Novel by Iris Murdoch

The Book and the Brotherhood is the 23rd novel of Iris Murdoch, first published in 1987. Considered by some critics to be among her best novels, it is the story of a circle of Oxford University graduates in 1980s England. The eponymous book is a theoretical work on Marxism which is to be written by a member of the group. After graduating from university the friends had agreed to finance the writing of this book as a 'brotherhood' but grow uneasy as no written work is in sight and the stipend continues to be paid.

==Plot ==
David Crimond, tasked with writing the book, resurfaces at a Commemoration ball the friends attend. His sudden re-appearance induces the group to attempt resolving the untenable situation by pressing for clarification. In turn they find themselves confronted with how far removed they are from their former Marxist beliefs and their own philosophical disorientation. As Crimond promises progress in the book, his draw causes the members of the circle to plunge into chaos.

== Main characters ==

- David Crimond, who is to write the book. Born to Scottish working-class parents he met the group at Oxford and went on to become a minor leftist theorist.
- Gerard Hernshaw, member of the original group at Oxford who has just retired from a successful career in the home civil service and is de facto in charge of the 'brotherhood'.
- Jenkin Riderhood, Oxford graduate and now a recluse schoolteacher with an interest in liberation theology.
- Duncan Cambus, another Oxford graduate and former diplomat.
- Jean Kowitz, daughter of a wealthy New York banker, was an Oxford contemporary and is now in a troubled marriage with Duncan.
- Rose Curtland, heir to a minor aristocratic family and sister of a deceased friend; is now also part of the set.
- Tamar Hernshaw, Gerard's niece troubled by the financial and emotional problems of her mother.
- Gulliver Ashe, who graduated from a London college and was drawn into the group later on, is now a socially anxious unemployed writer and artist.
- Lily Boyne, born poor but comes into money through a marriage, is fascinated by Crimond and the group circling around him.

==Major themes==
Crimond is a classic example of Murdoch's "enchanter" archetype: the enigmatic character whose charisma inspires others to devote themselves to him.

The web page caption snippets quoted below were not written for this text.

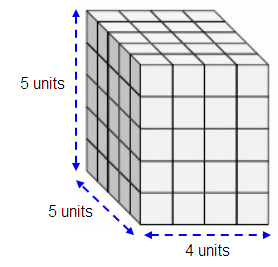 volume-of-each-rectangular-prism-s4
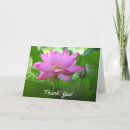 Suche nach lotos karten Yoga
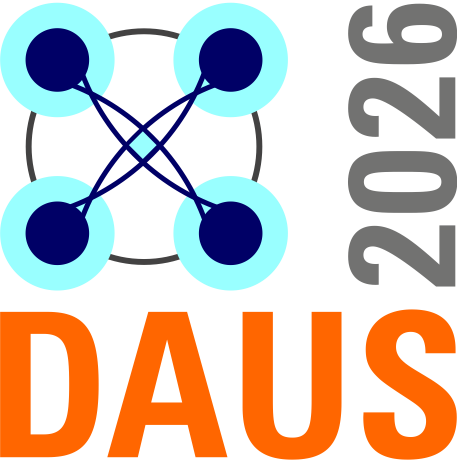 Index of /DAUS/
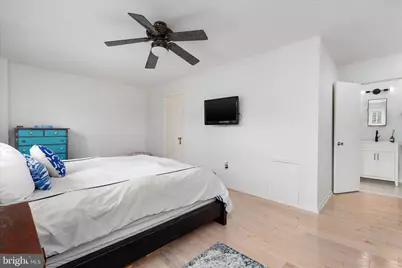 8174 Electric Avenue, Vienna, VA 22182 - Photo 11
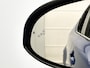Toyota C-HR 1.8 Hybrid First Edition | Trekhaak | Stoelverwarming | Full map navigatie | Climate control |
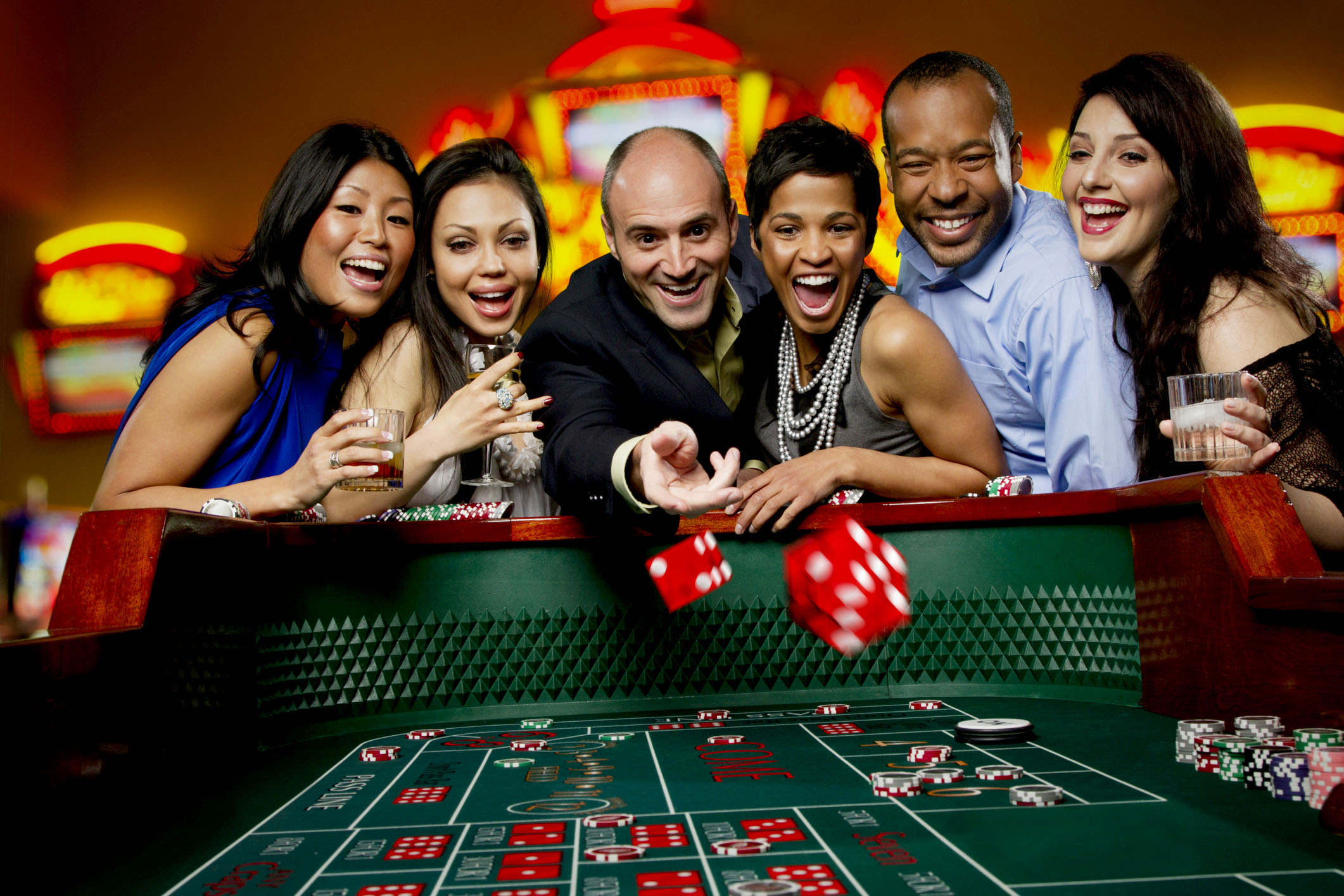 basta online casino flashback 2017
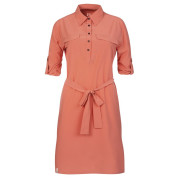 Vestido de mujer Hannah Liby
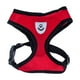 thumbnail image 4 of Arnés Tipo Pechera Seguridad Ajustable Para Perros Grandes, 4 of 4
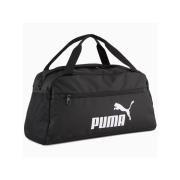 Tas Puma 09116701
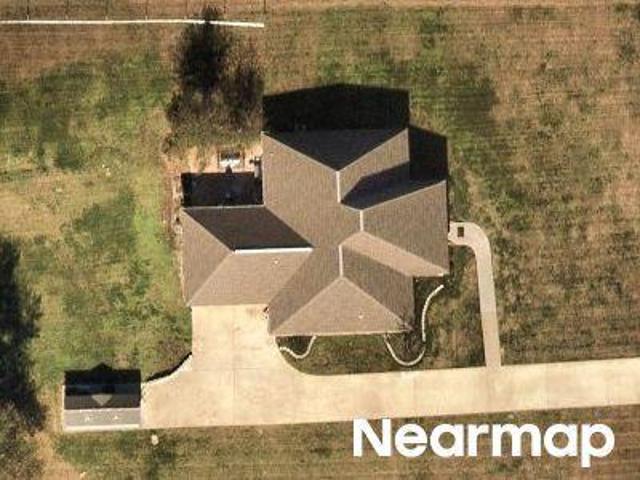 House for sale in Hammond, Louisiana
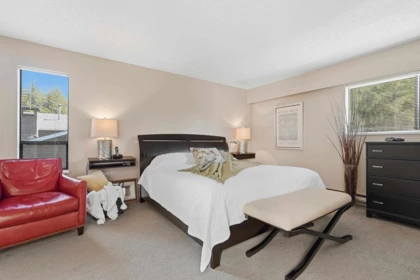 Hot Tub / Spa Photo of 5098 2 Avenue, Delta, BC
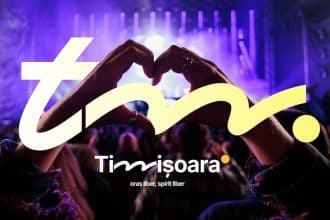 Târg urban de design și artizanat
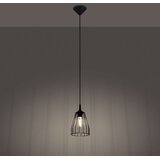  Obesna svetilka LEYO, (21347530) | Shoptok.si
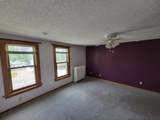 113 Sarnia Street - Photo 25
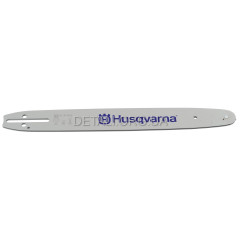 Шина 14" (34см) 3/8 паз 1,3 HUSQVARNA оригінал 5019592-52 2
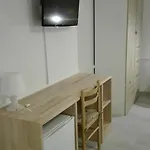 招待所 哥本哈根皇家住宿酒店 哥本哈根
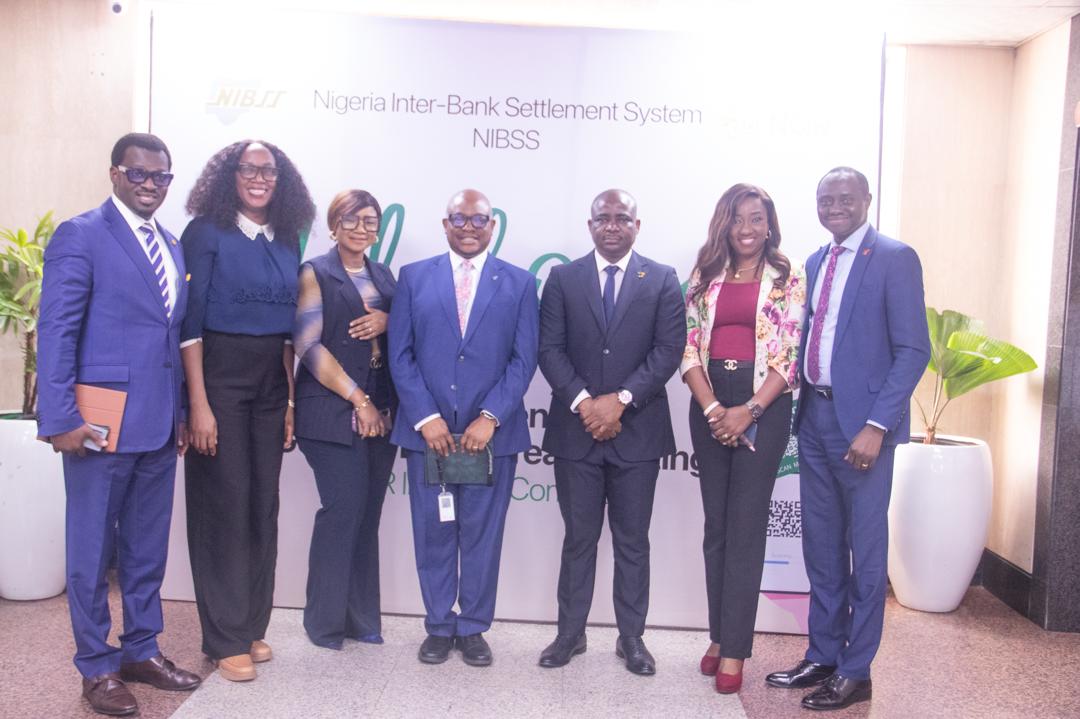 UBA, NIBSS, other Banks collaborate on NQR payment solution - FinancialEDGE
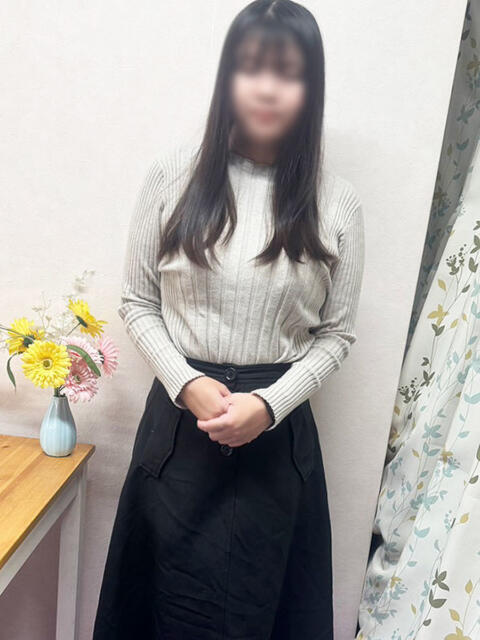 ひびき 熟女の風俗最終章 本厚木店(熟女系デリヘル)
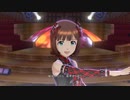 【春研】天海春香「きゅんっ！ヴァンパイアガール」ルージュ／ノワールＱ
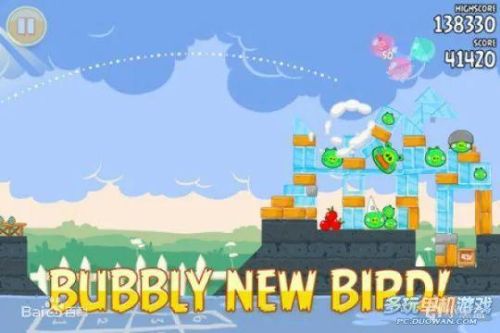 三国塔防蜀传(三国TD塔防app)插图9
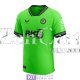 Maglia Aston Villa Portiere Green 2023/2024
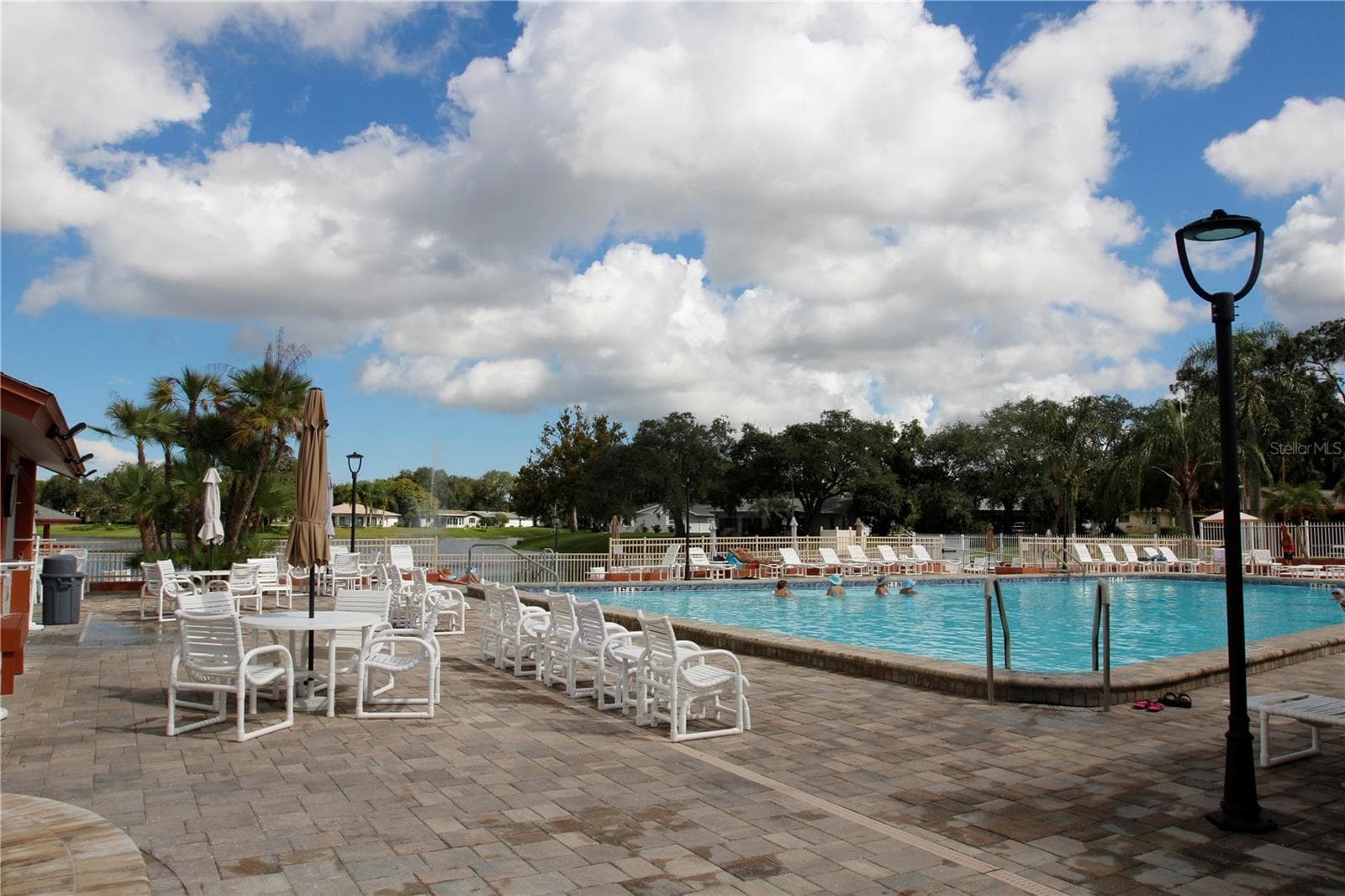 Single Family Residence at 10749 FALLEN LEAF LN, PORT RICHEY, photo 61 of 70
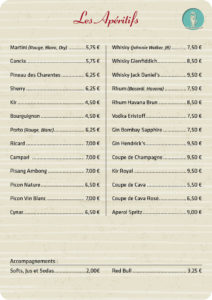 02-Carte Table du Domaine (11-2024)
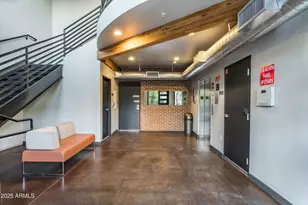 914 E Osborn Rd, Phoenix, AZ 85014 - Photo 33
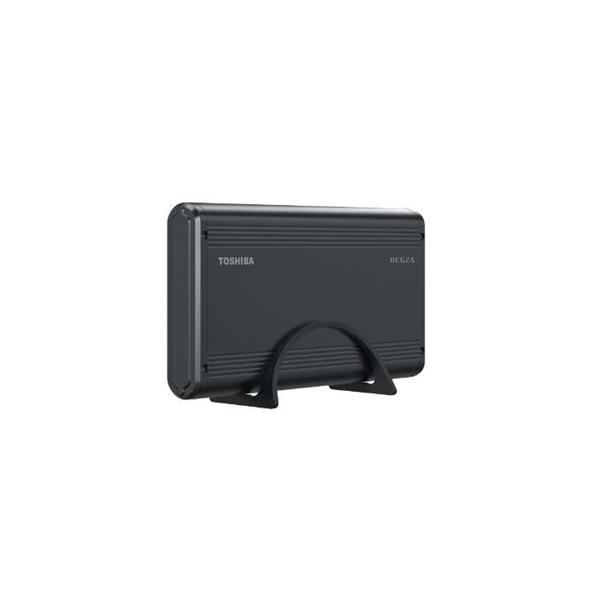 他サイト： 東芝 THD-400V3 USBハードディスク 4TBの商品画像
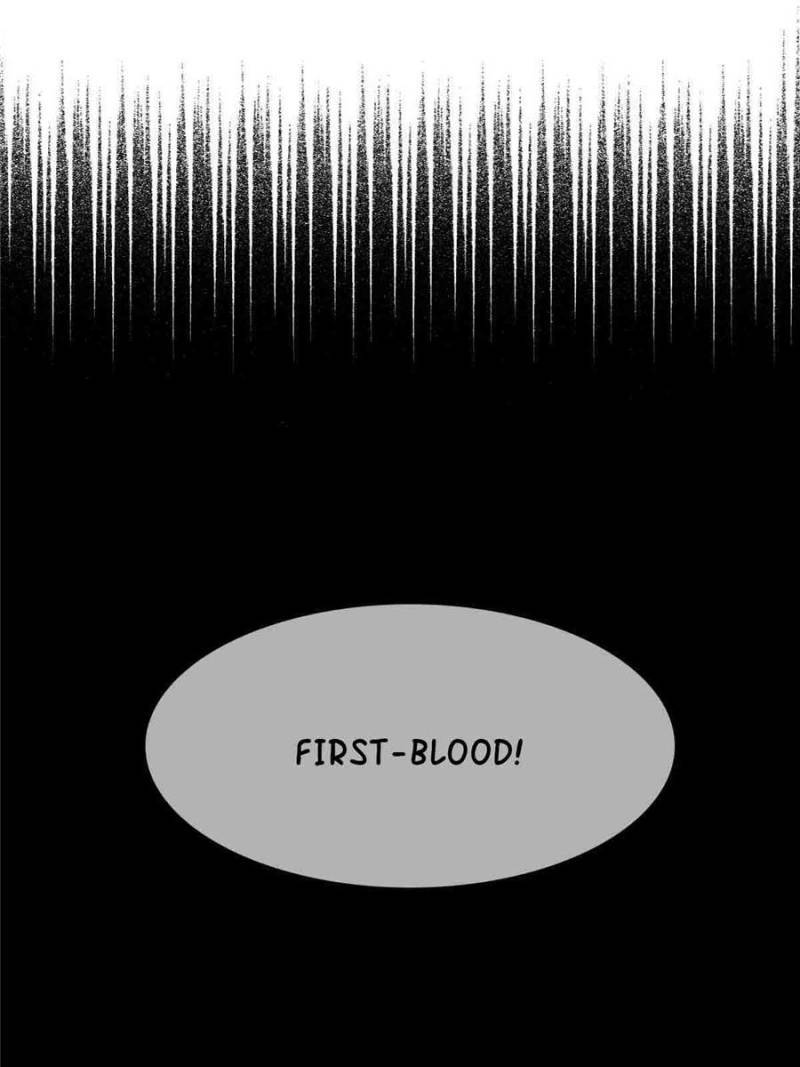 Page 49 of Chapter 79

The Book and the Brotherhood joins a novel of ideas with finely-drawn characters in unusually emotionally intense relations to each other. It is notable for its detailed, wide-ranging opening scene at an Oxford ball during which every major character in the novel is introduced. The London Review of Books highlights the upper-middle class establishment background of the majority of characters and Murdoch's ability to trace the limits of this social class, while the New York Times describes the book as 'a triumphal celebration of literacy as a social bond'.

==Awards and nominations==
The Book and the Brotherhood was shortlisted for the 1987 Booker Prize.